Brief
Wherever a picture appears in the listing, leave it out, and copy the rest exactly.

Extracted entries
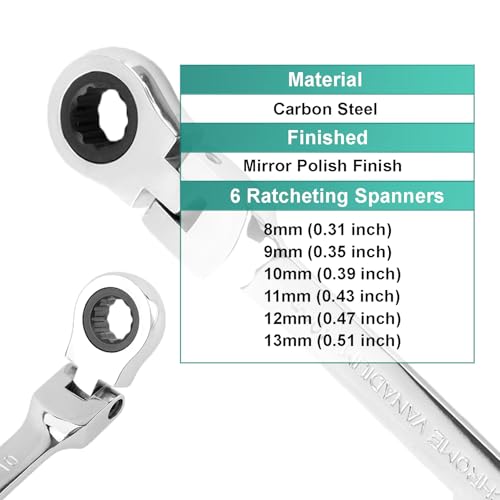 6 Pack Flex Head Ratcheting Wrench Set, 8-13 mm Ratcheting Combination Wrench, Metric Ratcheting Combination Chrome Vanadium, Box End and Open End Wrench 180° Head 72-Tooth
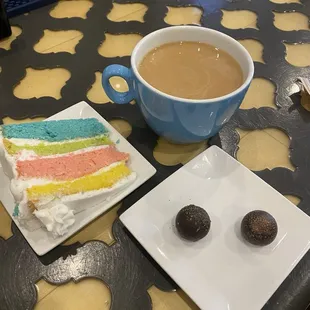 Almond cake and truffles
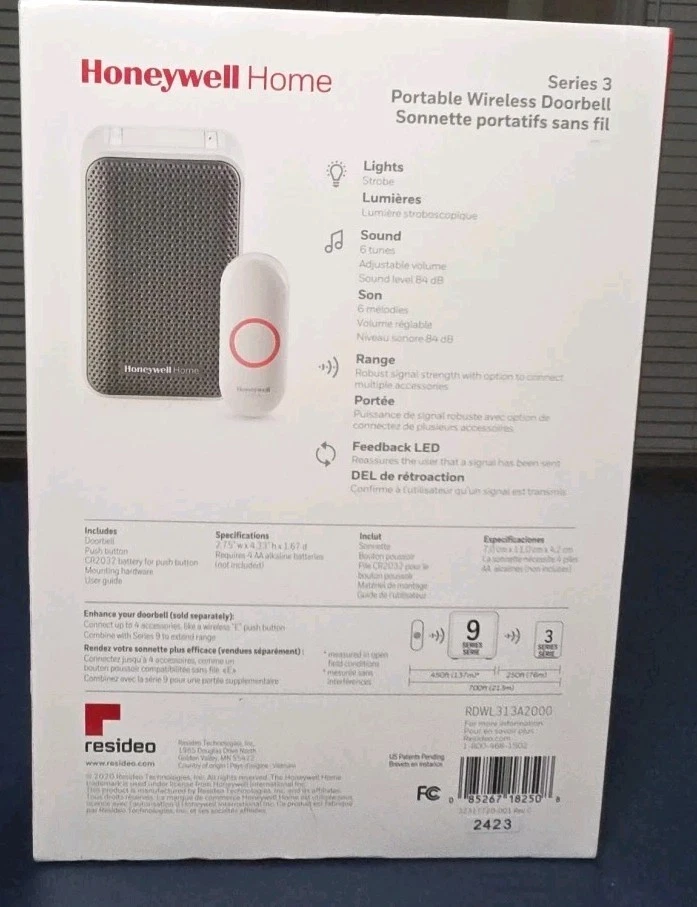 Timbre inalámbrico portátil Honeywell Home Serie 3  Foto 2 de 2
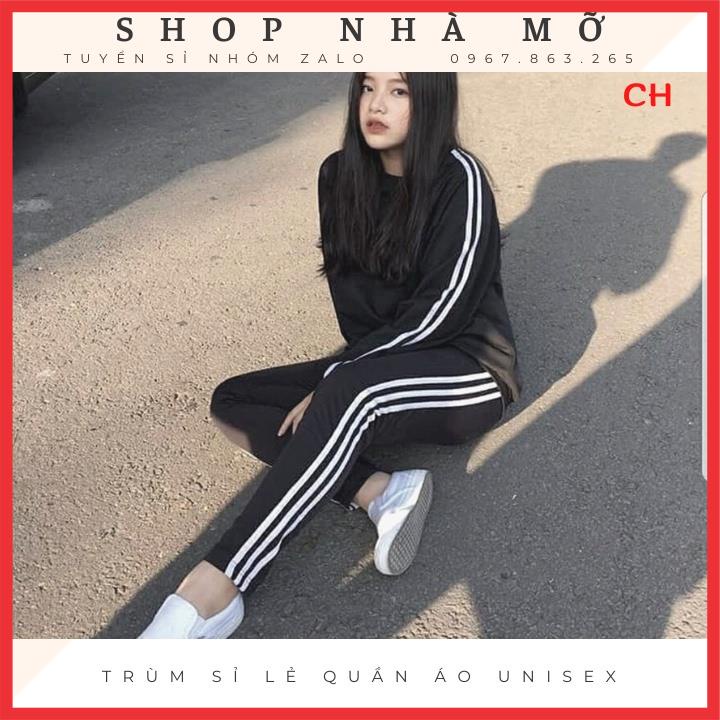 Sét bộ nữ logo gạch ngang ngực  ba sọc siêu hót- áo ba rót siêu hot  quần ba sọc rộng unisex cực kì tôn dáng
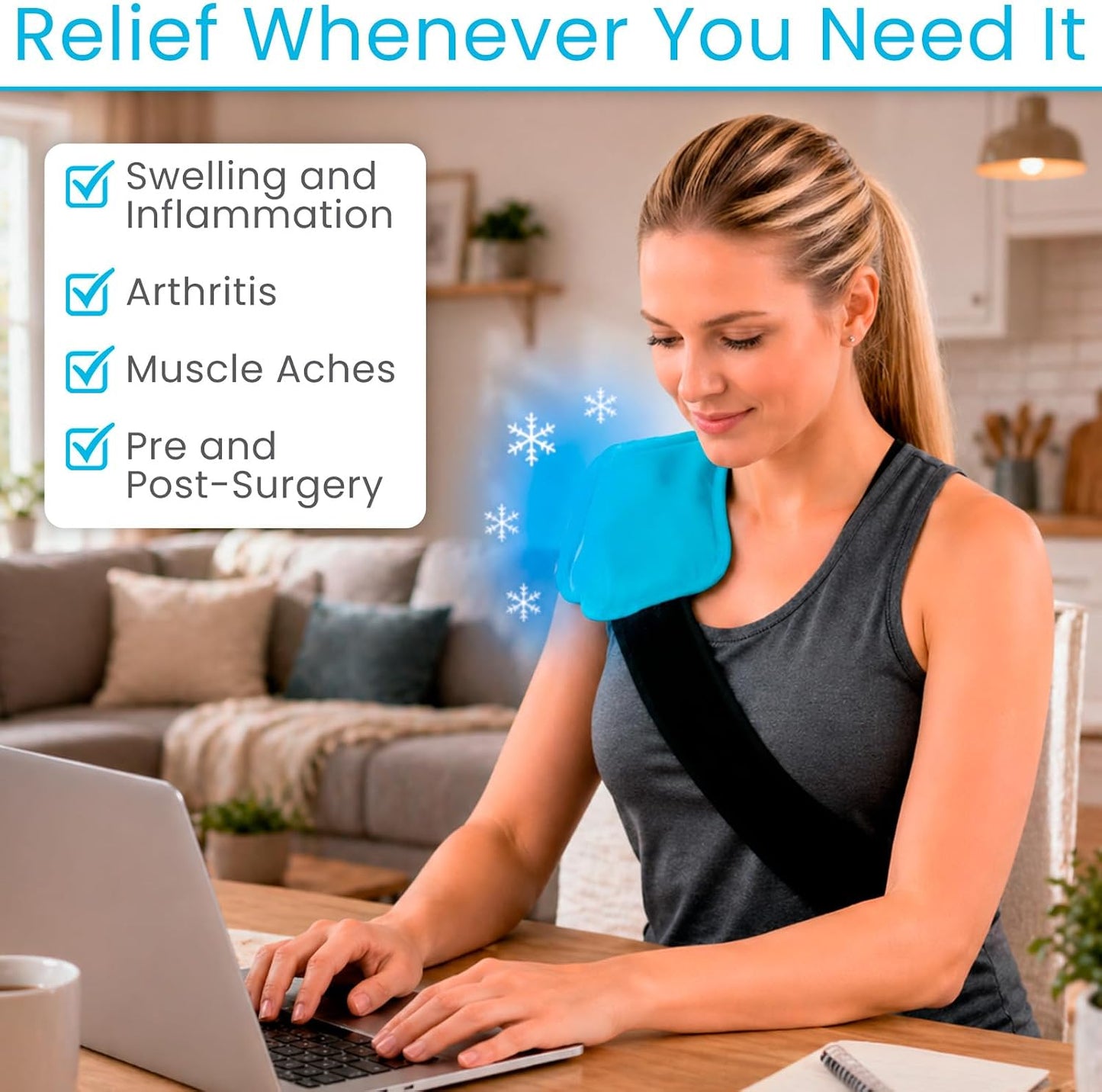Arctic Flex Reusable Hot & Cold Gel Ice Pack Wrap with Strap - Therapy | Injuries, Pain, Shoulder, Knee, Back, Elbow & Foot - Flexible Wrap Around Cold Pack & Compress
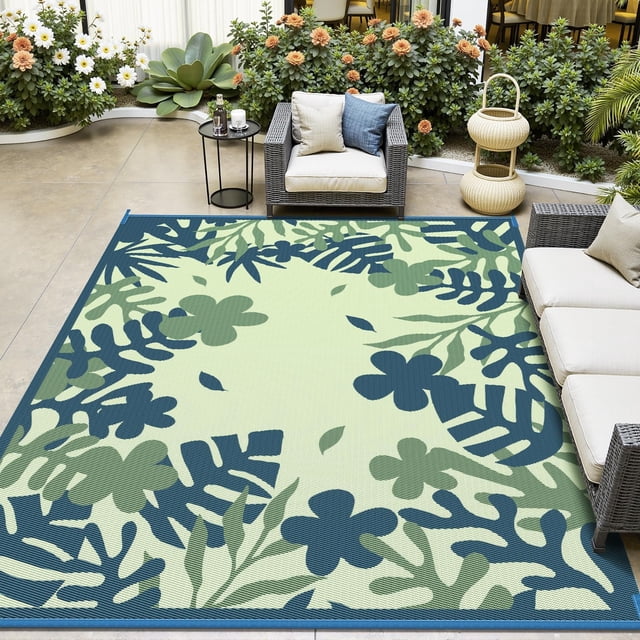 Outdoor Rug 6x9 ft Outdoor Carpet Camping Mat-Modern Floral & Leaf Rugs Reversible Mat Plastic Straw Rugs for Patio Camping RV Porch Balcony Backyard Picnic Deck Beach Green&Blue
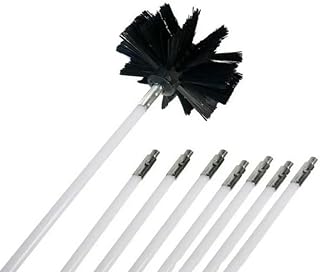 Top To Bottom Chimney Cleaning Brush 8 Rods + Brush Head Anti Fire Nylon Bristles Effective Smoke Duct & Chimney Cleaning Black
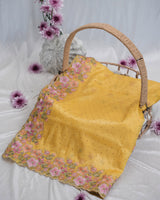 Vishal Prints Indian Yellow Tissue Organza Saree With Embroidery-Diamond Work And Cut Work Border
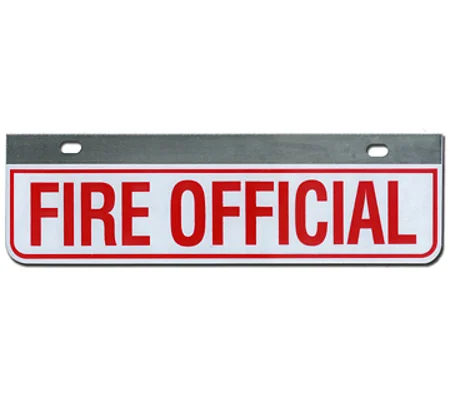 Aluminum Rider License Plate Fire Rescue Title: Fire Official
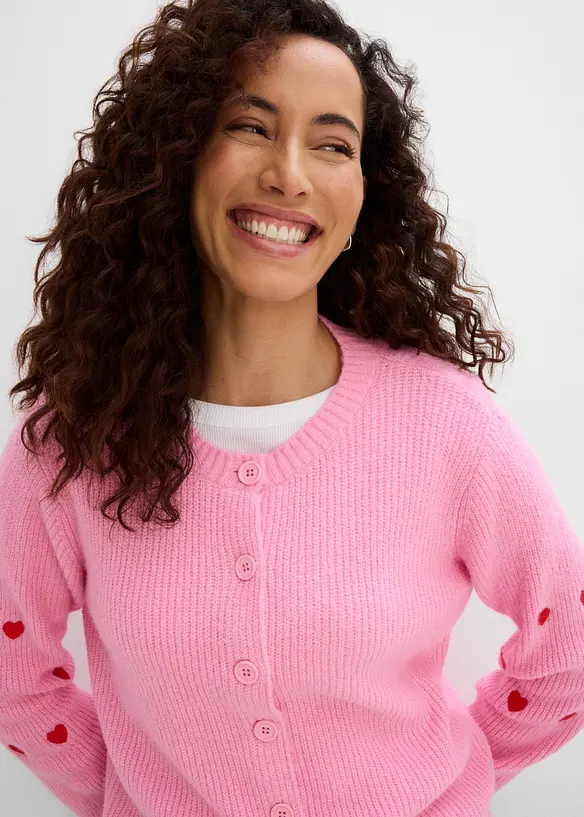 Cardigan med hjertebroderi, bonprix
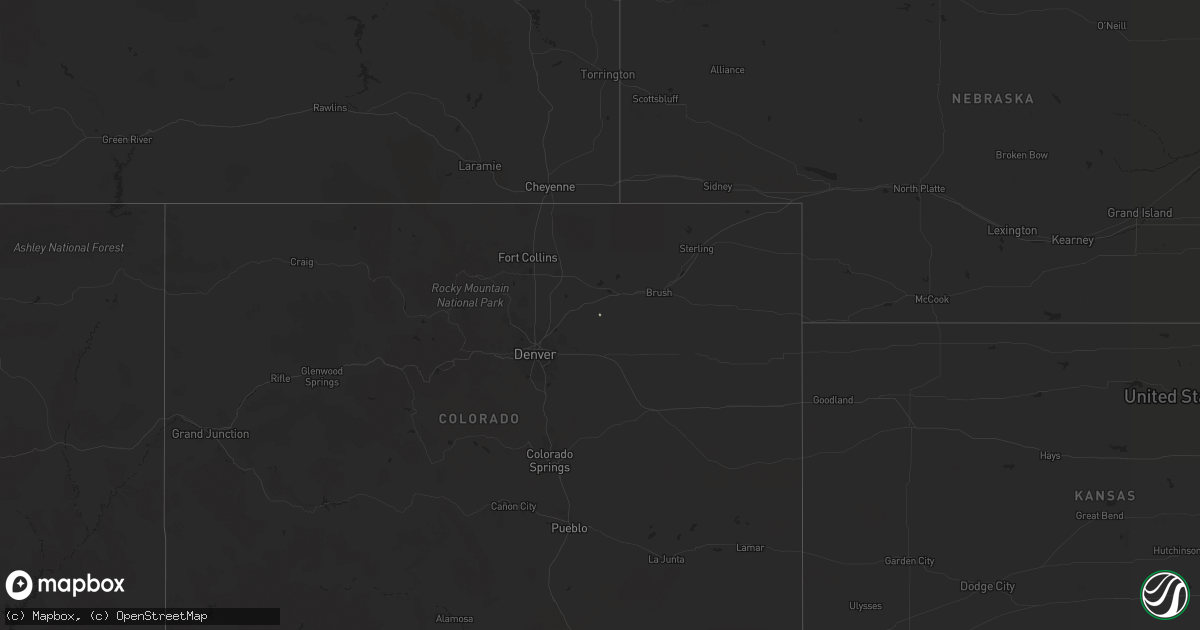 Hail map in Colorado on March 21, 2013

Output
 6 Pack Flex Head Ratcheting Wrench Set, 8-13 mm Ratcheting Combination Wrench, Metric Ratcheting Combination Chrome Vanadium, Box End and Open End Wrench 180° Head 72-Tooth
 Almond cake and truffles
 Timbre inalámbrico portátil Honeywell Home Serie 3  Foto 2 de 2
 Sét bộ nữ logo gạch ngang ngực  ba sọc siêu hót- áo ba rót siêu hot  quần ba sọc rộng unisex cực kì tôn dáng
Arctic Flex Reusable Hot & Cold Gel Ice Pack Wrap with Strap - Therapy | Injuries, Pain, Shoulder, Knee, Back, Elbow & Foot - Flexible Wrap Around Cold Pack & Compress
 Outdoor Rug 6x9 ft Outdoor Carpet Camping Mat-Modern Floral & Leaf Rugs Reversible Mat Plastic Straw Rugs for Patio Camping RV Porch Balcony Backyard Picnic Deck Beach Green&Blue
 Top To Bottom Chimney Cleaning Brush 8 Rods + Brush Head Anti Fire Nylon Bristles Effective Smoke Duct & Chimney Cleaning Black
 Vishal Prints Indian Yellow Tissue Organza Saree With Embroidery-Diamond Work And Cut Work Border
 Aluminum Rider License Plate Fire Rescue Title: Fire Official
 Cardigan med hjertebroderi, bonprix
 Hail map in Colorado on March 21, 2013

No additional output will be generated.